Sunday, June 22, 2008

General Assembly reflections part 3

Copied from the General Assembly website:

The Rev. Bruce Reyes-Chow, 39, an energetic new church development pastor in San Francisco and leader in the “emergent church” movement, was elected moderator of the 218th General Assembly of the Presbyterian Church (U.S.A.) Saturday night (June 21), capturing a second ballot victory.

Reyes-Chow — who received 48 percent of the first ballot votes — won an easy majority on the second ballot with 390 votes or 55 percent.

The Rev. William “Bill” Teng of National Capital Presbytery finished second with 255 votes or 36 percent. The Rev. D. Carl Mazza of New Castle Presbytery finished third with 52 votes or 7 percent. Elder Roger Shoemaker of Homestead Presbytery trailed with seven votes or 1 percent.

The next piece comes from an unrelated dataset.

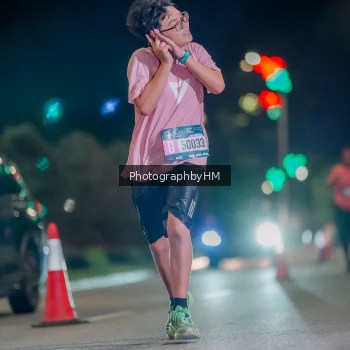 Runner Photo 3658520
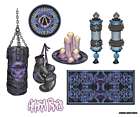 Amara Props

Reyes-Chow is pastor of Mission Bay Community Church, an innovative new church of San Francisco Presbytery that was recently named winner of a 2007 Sam and Helen Walton Award for outstanding new church development. In his address to the Assembly, he noted that he makes as many pastoral calls by email as by in-person visitation.

Such is the future of ministry, Reyes-Chow said. Mission Bay has a state-of-the-art Web site and extensive electronic communications among members and participants, which he said is absolutely essential for a congregation that is predominantly under-40.

In her nominating speech for him, Elder Vivian Guthrie of Greater Atlanta Presbytery urged Reyes-Chow’s election “to keep our church relevant … or we aren’t going to be on the same page as younger people. Bruce has a profound understanding of the way the world is changing, so he can help us feel less anxious and less resistant to change.”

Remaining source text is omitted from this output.